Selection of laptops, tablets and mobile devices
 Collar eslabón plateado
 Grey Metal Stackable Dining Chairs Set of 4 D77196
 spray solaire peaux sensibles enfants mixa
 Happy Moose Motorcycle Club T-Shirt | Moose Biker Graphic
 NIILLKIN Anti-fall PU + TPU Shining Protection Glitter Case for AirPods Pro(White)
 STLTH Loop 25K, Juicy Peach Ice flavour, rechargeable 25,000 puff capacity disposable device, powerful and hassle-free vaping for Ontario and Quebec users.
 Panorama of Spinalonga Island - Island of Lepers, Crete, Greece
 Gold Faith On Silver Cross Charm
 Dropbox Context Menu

- - - -

**EXERCISE DETAILS**
What do the lines from the one with "STLTH Loop 25K, Juicy" through the last line of the entries say? Print them word for word, both ends included, and nothing else.

**RESPONSE BOX**
 STLTH Loop 25K, Juicy Peach Ice flavour, rechargeable 25,000 puff capacity disposable device, powerful and hassle-free vaping for Ontario and Quebec users.
 Panorama of Spinalonga Island - Island of Lepers, Crete, Greece
 Gold Faith On Silver Cross Charm
 Dropbox Context Menu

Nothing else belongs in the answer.